As a workaround, instead of limiting to only 4 threads, use all the 8 threads available.
While MKL performs best if using the exact number of cores of your machine (4) instead of all the hyperthreads (8), for d279b39, using all hyperthreads gives best and comparable performance to v0.21.2:
4 threads v0.21.2
$ OMP_NUM_THREADS=4 ./benchmark_gemm_s8s8_v0212
benchmarking mkldnn_gemm_s8s8s32(transb, transa, offsetc, &n, &m, &k, &alpha, b, &ldb, &bo, a, &lda, &ao, &beta, c, &ldc, &co)
avg 0.248977 ms
8 threads v0.21.2
$ OMP_NUM_THREADS=8 ./benchmark_gemm_s8s8_v0212
benchmarking mkldnn_gemm_s8s8s32(transb, transa, offsetc, &n, &m, &k, &alpha, b, &ldb, &bo, a, &lda, &ao, &beta, c, &ldc, &co)
avg 0.448652 ms
4 threads d279b39
$ OMP_NUM_THREADS=4 ./benchmark_gemm_s8s8_d279b39
benchmarking mkldnn_gemm_s8s8s32(*transa, *transb, *offsetc, m, n, k, alpha, a, lda, ao, b, ldb, bo, beta, c, ldc, &co)
avg 0.359389 ms
8 threads d279b39
$ OMP_NUM_THREADS=8 ./benchmark_gemm_s8s8_d279b39
benchmarking mkldnn_gemm_s8s8s32(*transa, *transb, *offsetc, m, n, k, alpha, a, lda, ao, b, ldb, bo, beta, c, ldc, &co)
avg 0.243672 ms
Thanks for the details.
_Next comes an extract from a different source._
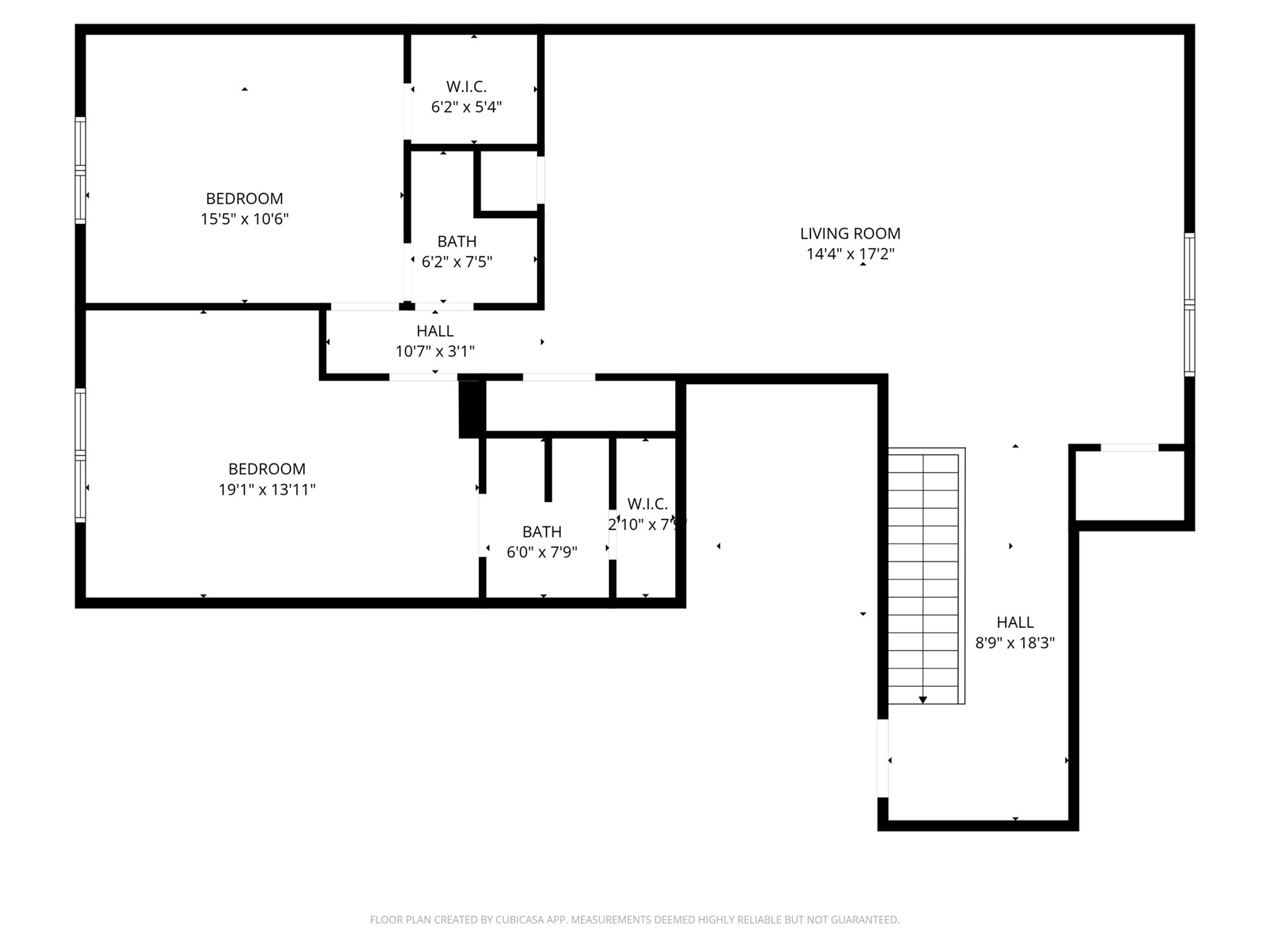 28310 E 6th Place Catoosa OK 74015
Do you expect this to change in the future or should we simply assume it is how DNNL operates?
We certainly want to resolve this. We just are still bikeshedding the solution :) In DNNL we have scratchpads as well, so we are not sure if we need a memory manager or need to change the GEMM API.
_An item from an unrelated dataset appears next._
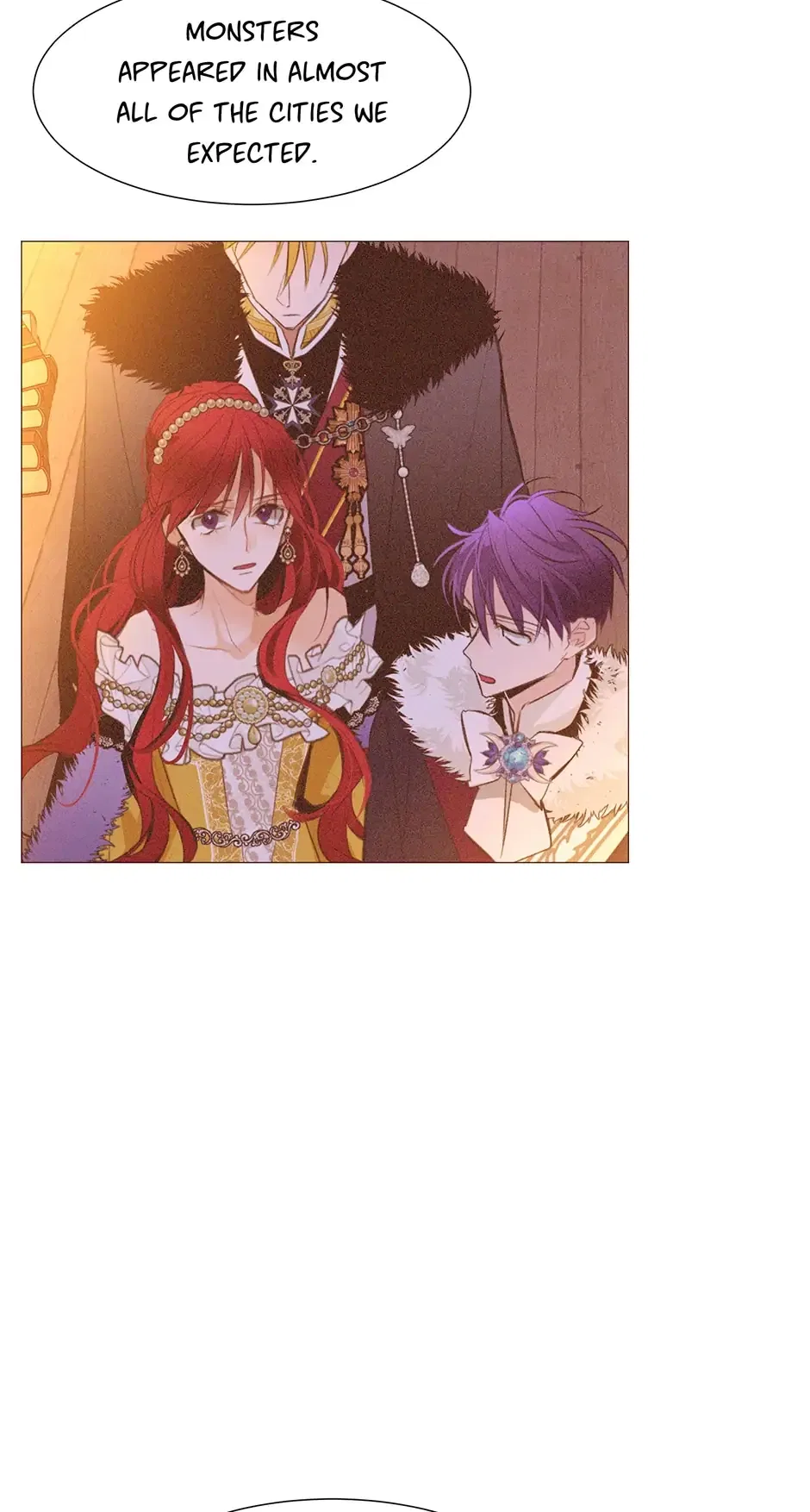 The Stereotypical Life of a Reincarnated Lady Chapter 90 – Page 60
Upon further investigation the rootcase is in block size. Reassigning to @aaraujom for analysis and fix.
I'm curious, just reading this, if OMP_NUM_THREADS=4 for this test is thought to imply that thread assignment is one per core ... Does this problem disappear if hyper-threading is disabled?